OSTHOLSTEINER ANZEIGER
Lokalmatadore erreichen vierten Platz
Der Windmesser - hier in der Hand von Nicolaus von Buden brock - war ein wichtiges Utensil.
Plön. Nach sechs Jahren richtete der Plöner Segler-Verein von 1908 wieder eine deutsche Meisterschaft für H-Jollen aus. 34 hochkarätige
Mannschaften setzten zu sieben Wettfahrten auf dem Segelrevier des Großen Plöner See ihre Segel.
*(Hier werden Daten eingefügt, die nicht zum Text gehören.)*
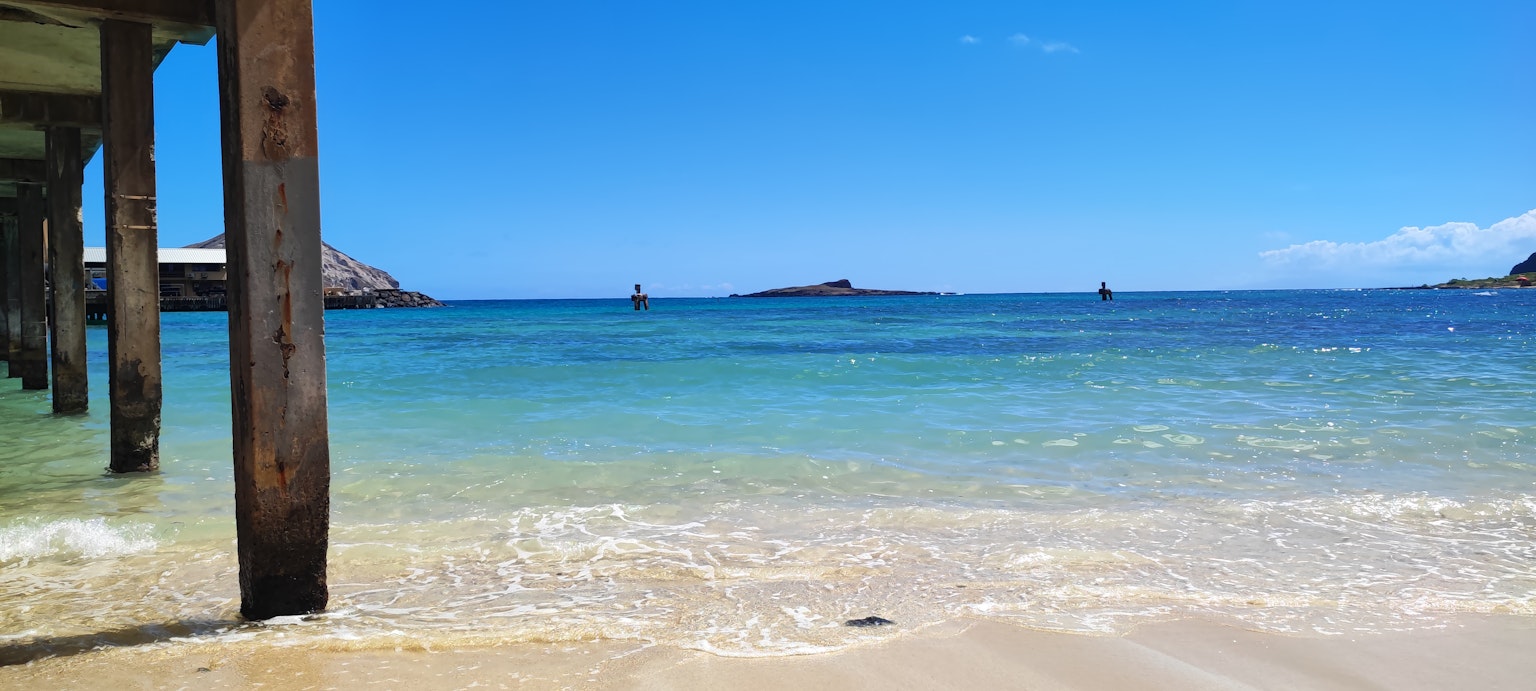 Scenic view of clear blue ocean and sandy beach with wooden pillars of a pier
Das Gros der Teilnehmer war schon am Donnerstag angereist, um sich mit den manchmal schwierigen Windverhältnissen für die 6,20 Meter lange und 2,18 Meter breite H-Jolle
mit insgesamt 40 Quadratmeter Segelfläche auf dem Revier um die Prinzeninsel vertraut zumachen.
"Auf dem Wasser gab es keine Proteste, und an Land ist alles einfach genial gelaufen. Es waren tolle Titelkämpfe", bilanzierte Wettfahrtleiter Nicolaus von Buddenbrock vom ausrichtenden PSV-Organisatorenteam nach der siebten und letzten Wettfahrt am Sonnabend, und der 42-Jährige ergänzte: "Am Freitag bei Windstärken um 26 Knoten kochte das Wasser und es gab viele Kenterungen, die DLRG hatte viel zu tun. Zum Glück gab es keinen Bruch."
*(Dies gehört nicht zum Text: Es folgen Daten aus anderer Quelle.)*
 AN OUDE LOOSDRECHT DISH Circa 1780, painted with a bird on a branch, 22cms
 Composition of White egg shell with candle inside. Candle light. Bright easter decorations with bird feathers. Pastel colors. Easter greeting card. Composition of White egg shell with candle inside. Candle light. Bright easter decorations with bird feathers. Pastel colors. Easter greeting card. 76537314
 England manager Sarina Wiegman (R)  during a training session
Auf dem Wasser entwickelten sich von Beginn an spannende Wettfahrten um die Medaillenränge. Mit vier Tagessiegen und zwei zweiten Plätzen und einem dritten Platz als Streichergebnis sicherte sich das Duo Florian Stock/Tobias Barthel vom Arendseer Regattaverein 08 mit 8,00 Punkten den fünften Titel in Folge. Auf Rang zwei folgte mit 12,00 Punkten mit Christian Stock (Arendseer Regattaverein) ein Bruder des Siegers - mit Sven Friedrich von der Baltischen Segler-Seglervereinigung an der Vorschot.
Hochdramatisch verlief die Jagd auf Bronze. Lange duellierten sich die Lokalmatadore Thomas Bergner/Christoph von Buddenbrock (Plöner Segler-Verein) und Hans-Jörg Wohl/Lars Kublun (Dahmer Jacht Club). Nach der siebten Wettfahrt und einem Streicher hatten beide Teams 23,00 Zähler auf dem Konto. Das beste Resultat aus dem fünften Durchgang, Tagessieg für Wohl, Rang fünf für Bergner, bedeutete den undankbaren vierten Platz für die PSV-Crew. Jedoch keine Enttäuschung bei dem Duo.
"Wir haben nur zweimal miteinander im Boot gesessen und keine Möglichkeit gehabt, Trainingseinheiten zu absolvieren. Es war sehr faires Segeln bei diesen Meisterschaften", meinte der 49-jährige Bootsbauer. In den Top Ten platzierte sich das PSV-Duo Lars Hückstädt/Fabian Gernhardt (69,00).
Still wurde es im Festzelt, als der mit 75 Jahren älteste Teilnehmer und Fünfte der deutschen Meisterschaft, Werner Amand (Düsseldorfer Yachtclub/29,00), seinen Rücktritt vom aktiven Segelsport erklärte und seine H-Jolle seinem Vorschotmann Jens Priewe (Yachtclub Wesel), mit dem er 23 Jahre unzählige Regatten gesegelt hatte, aus Dankbarkeit schenkte. "Wir hatte alle eine Gänsehaut. Es war richtig bewegend", meinte Pressesprecher Hans Vogler.